WORK INSTRUCTION — Exclude the pictures and reproduce exactly the lines that run from the one holding "ASTROPHYTUM MYRIOSTIGMA Nº" to the end of the entries below.

DATA PROVIDED —
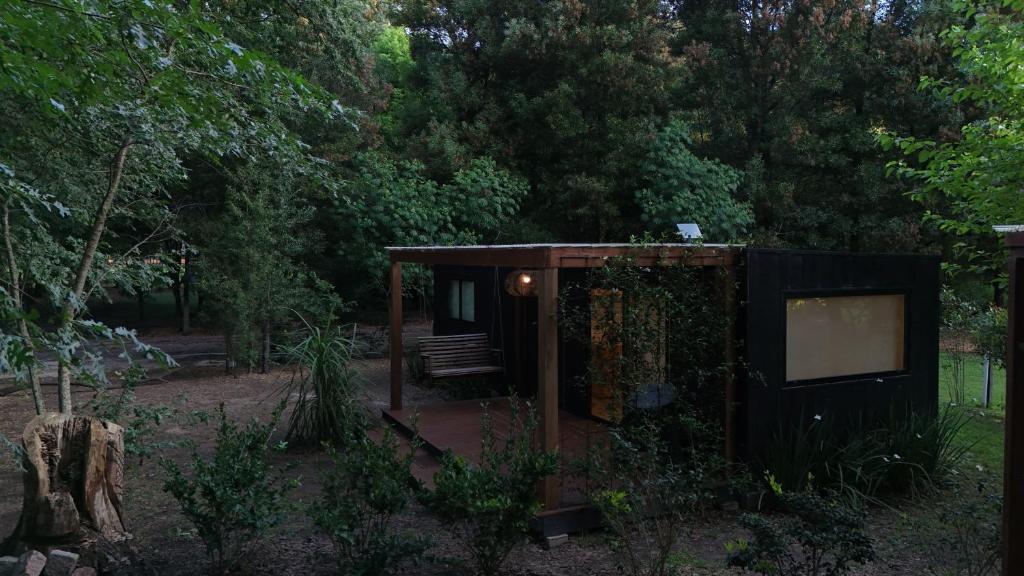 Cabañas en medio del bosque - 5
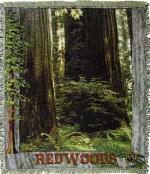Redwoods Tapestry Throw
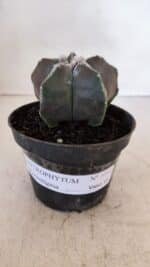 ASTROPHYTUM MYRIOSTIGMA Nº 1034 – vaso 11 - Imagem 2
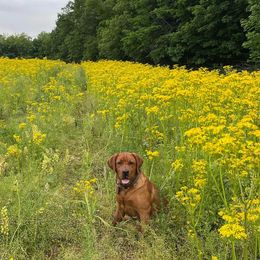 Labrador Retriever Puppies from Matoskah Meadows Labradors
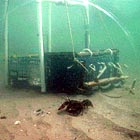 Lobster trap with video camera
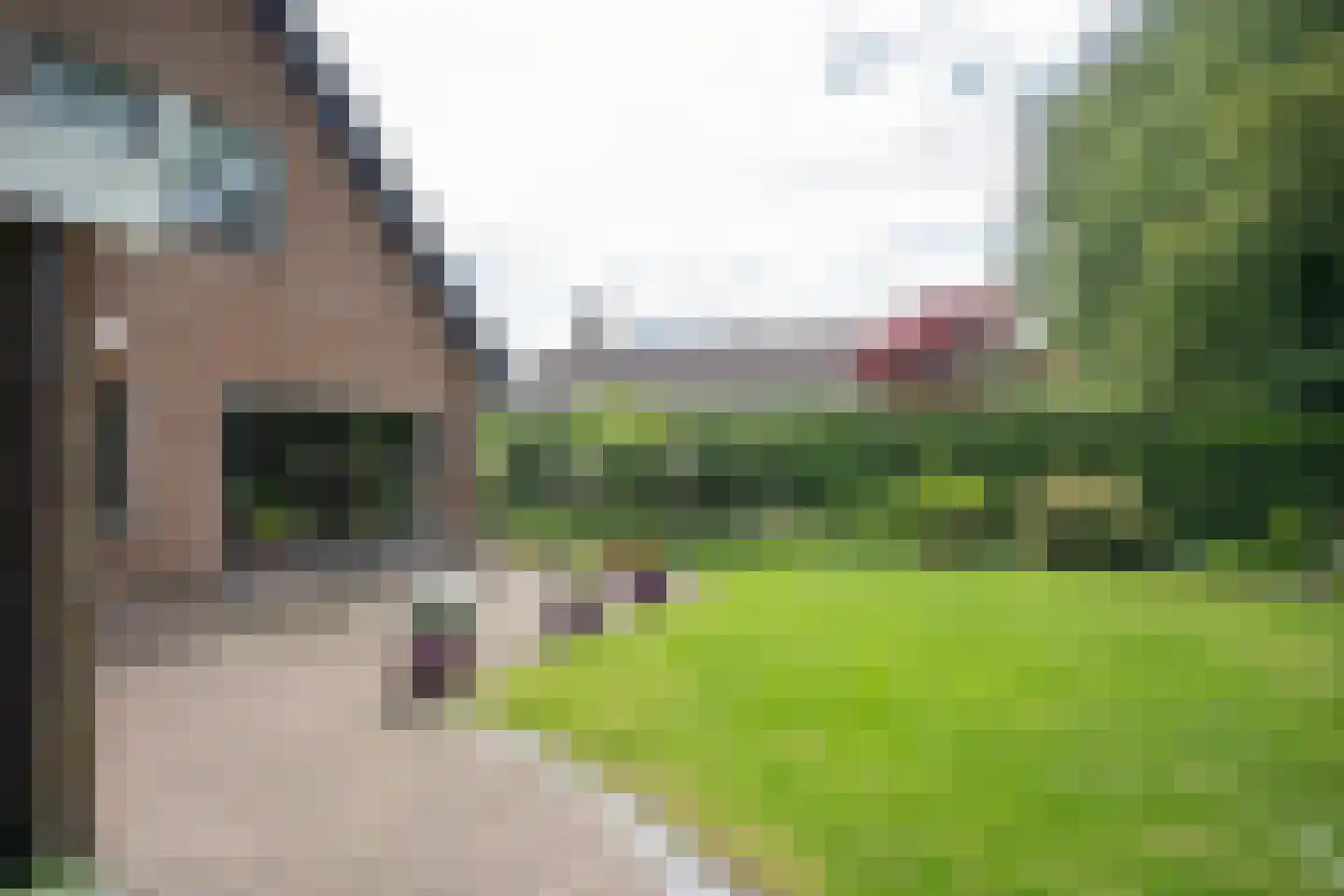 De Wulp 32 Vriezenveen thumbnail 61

SOLUTION —
 ASTROPHYTUM MYRIOSTIGMA Nº 1034 – vaso 11 - Imagem 2
 Labrador Retriever Puppies from Matoskah Meadows Labradors
 Lobster trap with video camera
 De Wulp 32 Vriezenveen thumbnail 61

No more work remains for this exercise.